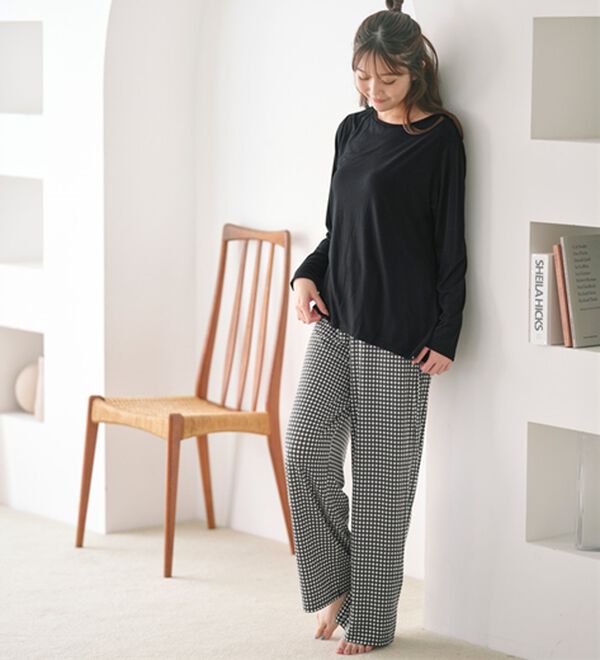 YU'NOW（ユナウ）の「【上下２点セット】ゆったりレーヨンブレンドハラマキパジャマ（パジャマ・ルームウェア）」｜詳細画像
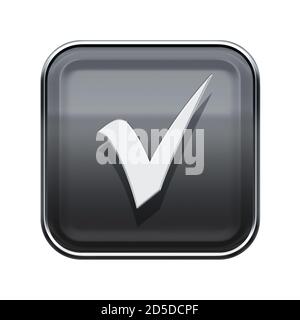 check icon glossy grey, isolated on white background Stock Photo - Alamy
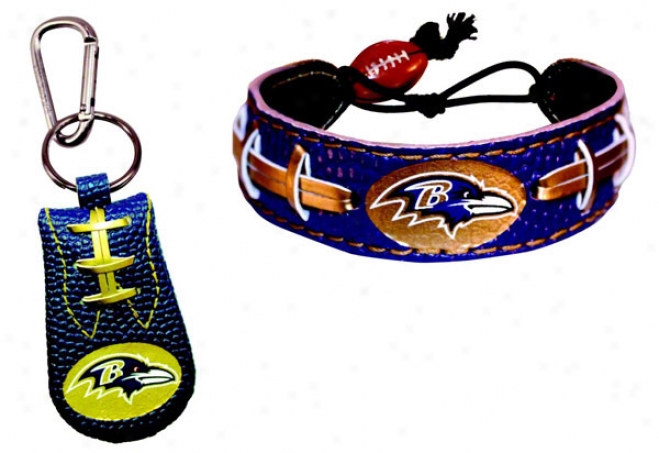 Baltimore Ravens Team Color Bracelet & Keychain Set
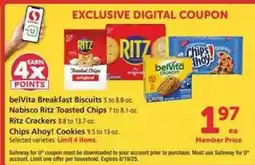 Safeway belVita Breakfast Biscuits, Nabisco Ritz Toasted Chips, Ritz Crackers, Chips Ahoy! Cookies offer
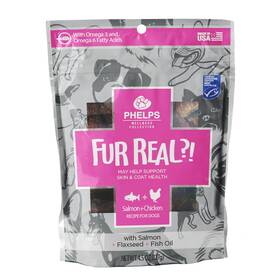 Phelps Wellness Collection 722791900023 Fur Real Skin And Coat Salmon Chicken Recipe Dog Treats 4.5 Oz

::::

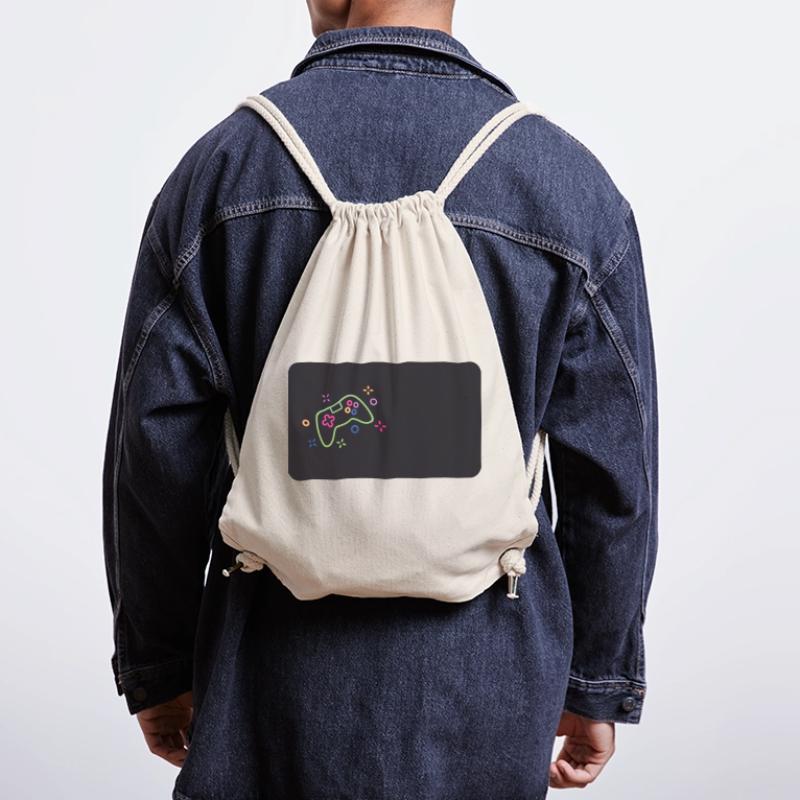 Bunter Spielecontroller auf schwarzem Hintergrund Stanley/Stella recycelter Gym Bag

::::

→ **About this task**:
Begin at the line in the entries above that has "Safeway belVita Breakfast", stop after the line that has "Phelps Wellness Collection", and output exactly those lines without pictures.

→ **Response box**:
 Safeway belVita Breakfast Biscuits, Nabisco Ritz Toasted Chips, Ritz Crackers, Chips Ahoy! Cookies offer
 Phelps Wellness Collection 722791900023 Fur Real Skin And Coat Salmon Chicken Recipe Dog Treats 4.5 Oz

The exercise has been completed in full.